7 Floating Point Arithmetic

Real numbers cannot be represented exactly on digital computers. This subsection covers how numbers are stored in the IEEE 754 floating point format, the precision limits of that representation, and the special values and arithmetic pitfalls that arise in practice. Understanding these fundamentals is a prerequisite for analyzing any numerical algorithm.

7.1 Floating Point Representation

Real numbers are stored in computers using a finite-bit format analogous to scientific notation. The key parameters are the number of bits for the sign, exponent, and significand.

Definition: Floating Point Representation

A normalized floating point number has the form \[x = (-1)^s \times (1.f) \times 2^e,\] where \(s\) is the sign bit, \(f\) is the fractional significand (mantissa), \(e\) is the exponent, and the leading 1 is implicit (hidden bit).
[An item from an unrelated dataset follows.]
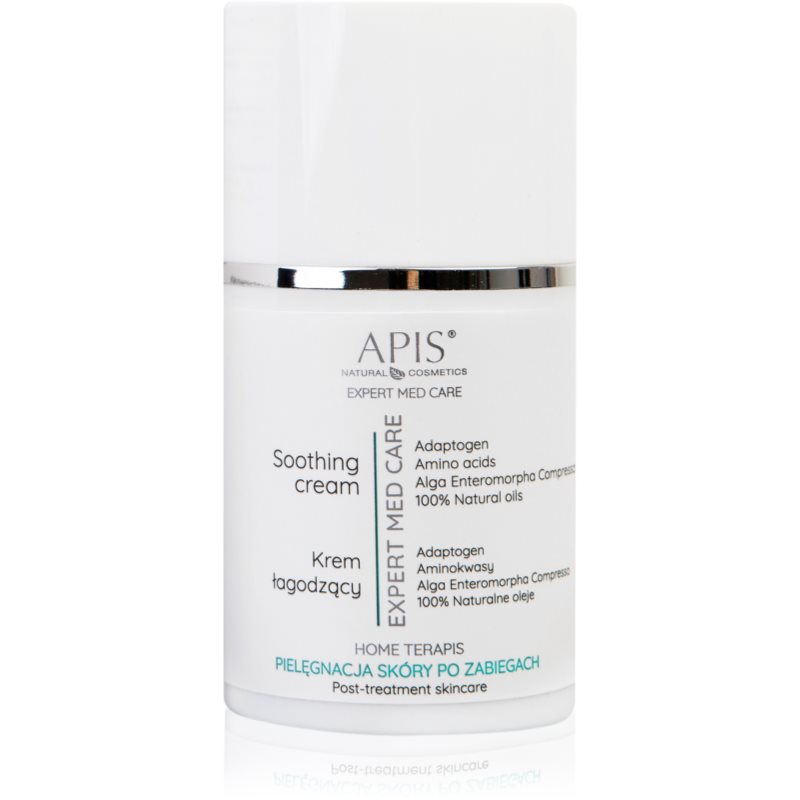 Apis Natural Cosmetics Home TerApis crema calmanta si hidratanta faciale 50 ml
The IEEE 754 standard defines two primary formats:

Single precision (32-bit): 1 sign, 8 exponent, 23 fraction bits.
Double precision (64-bit): 1 sign, 11 exponent, 52 fraction bits.

The exponent field uses a biased representation with bias \(= 2^{k-1} - 1\) (\(k\) = exponent bits).

Example

16-bit floating point. With 1 sign, 5 exponent (bias \(= 15\)), and 10 fraction bits, represent \(-3.25\):

Sign \(= 1\) (negative).
\(3.25_{10} = 11.01_2\).
Normalize: \(1.101_2 \times 2^1\).
Biased exponent: \(1 + 15 = 16 = 10000_2\).
Fraction bits: \(1010000000\).
Final: \(1\;10000\;1010000000\).

Exercise

Refer to the result above.

Encode the number \(+5.5\) in the 16-bit format above (1 sign, 5 exponent, 10 fraction bits, bias \(= 15\)). Show each step.
How many distinct normalized numbers can be represented with 5 exponent bits and 10 fraction bits (excluding special values)?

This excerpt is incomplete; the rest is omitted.